Supremum of a set of irrational numbers I need help with the following example:
Let S be the set of all irrationals in $[0,1]$. Show that $\sup(S) = 1$.
Is there some property that I should be referring to when proving problems like these? The set definition states that it is bounded between $[0,1]$ so is it possible to just say $\sup(S) = 1$ based off that knowledge or is that an insufficient proof?
Thanks in advance.
 A: Note that $1$ is an upper bound for the set $S.$ We must show that is it the least upper bound.
(It means we have to show that any thing less than $1$ cannot be an upper bound.)
Take any $\epsilon>0.$
Then we can find a large natural number $n>1$ such that $\dfrac{1}{n}<2\epsilon.$
This gives us $$1-2\epsilon<1-\dfrac{1}{n}<1$$ and $$\dfrac{1}{\sqrt{5}n}<\dfrac{1}{2n}<\epsilon$$
Therefore $$1-\epsilon<1-\dfrac{1}{n}-\dfrac{1}{\sqrt{5}n}<1.$$
Note that $$1-\dfrac{1}{n}-\dfrac{1}{\sqrt{5}n}$$ is an irrational.  Hence $1$ is the least upper bound.
A: You need to show two things:
a. $s=1$ is indeed an upper bound of $S$ - this is obvious, as all the elements of $S$ are less than $1.

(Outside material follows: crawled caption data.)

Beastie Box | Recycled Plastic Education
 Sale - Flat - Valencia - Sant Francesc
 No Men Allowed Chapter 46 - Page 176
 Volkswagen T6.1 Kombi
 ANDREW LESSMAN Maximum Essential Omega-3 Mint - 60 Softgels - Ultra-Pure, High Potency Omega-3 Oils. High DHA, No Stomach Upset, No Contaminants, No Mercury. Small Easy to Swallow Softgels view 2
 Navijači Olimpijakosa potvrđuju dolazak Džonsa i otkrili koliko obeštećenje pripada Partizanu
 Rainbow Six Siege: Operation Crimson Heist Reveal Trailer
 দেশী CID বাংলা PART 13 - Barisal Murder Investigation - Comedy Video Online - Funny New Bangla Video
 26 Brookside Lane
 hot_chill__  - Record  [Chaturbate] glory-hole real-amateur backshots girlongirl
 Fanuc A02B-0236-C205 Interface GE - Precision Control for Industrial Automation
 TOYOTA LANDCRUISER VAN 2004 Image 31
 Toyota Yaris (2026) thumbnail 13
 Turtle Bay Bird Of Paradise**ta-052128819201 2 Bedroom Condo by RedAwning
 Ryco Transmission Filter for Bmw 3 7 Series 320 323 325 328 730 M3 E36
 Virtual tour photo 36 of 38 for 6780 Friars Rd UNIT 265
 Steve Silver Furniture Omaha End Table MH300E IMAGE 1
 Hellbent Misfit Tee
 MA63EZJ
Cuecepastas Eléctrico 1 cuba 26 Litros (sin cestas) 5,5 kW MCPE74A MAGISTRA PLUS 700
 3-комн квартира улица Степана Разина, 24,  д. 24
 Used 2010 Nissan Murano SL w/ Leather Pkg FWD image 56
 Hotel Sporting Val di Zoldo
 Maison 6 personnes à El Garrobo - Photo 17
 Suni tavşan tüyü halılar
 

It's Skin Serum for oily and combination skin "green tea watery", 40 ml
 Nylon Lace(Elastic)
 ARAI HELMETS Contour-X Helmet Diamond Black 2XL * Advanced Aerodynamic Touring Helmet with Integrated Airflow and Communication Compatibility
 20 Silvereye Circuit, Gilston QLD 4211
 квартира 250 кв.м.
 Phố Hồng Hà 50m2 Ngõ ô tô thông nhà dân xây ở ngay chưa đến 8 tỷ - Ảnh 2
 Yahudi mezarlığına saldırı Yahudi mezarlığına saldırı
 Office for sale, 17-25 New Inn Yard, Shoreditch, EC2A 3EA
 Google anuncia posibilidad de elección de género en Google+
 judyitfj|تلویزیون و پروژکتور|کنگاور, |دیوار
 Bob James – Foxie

b. If $t<s=1$, then $t$ is not an upper bound of $S$. In other words, for every such $t<1$, you can find an element of $S$ which is larger than $t$. Take for example the sequence
$$
a_n=1-\frac{\sqrt{2}}{n+1}\in S, \quad n\in\mathbb N.
$$
Then $a_n\to 1$, and hence $t<a_n<1$, for sufficiently large $n$ - this comes from the definition of convergence of $a_n\to 0$, for $\varepsilon=1-t$. 
A: Observe that $\sup (S) \leq 1$ since $1$ is an upper bound for $S$. If $\sup (S) < 1$. Let $a = \sup (S)$, then $a < 1$. Choose an irrational number $q$ such that $a < q < 1$, then $a$ is no longer an upper bound of $S$. Thus $a = 1$.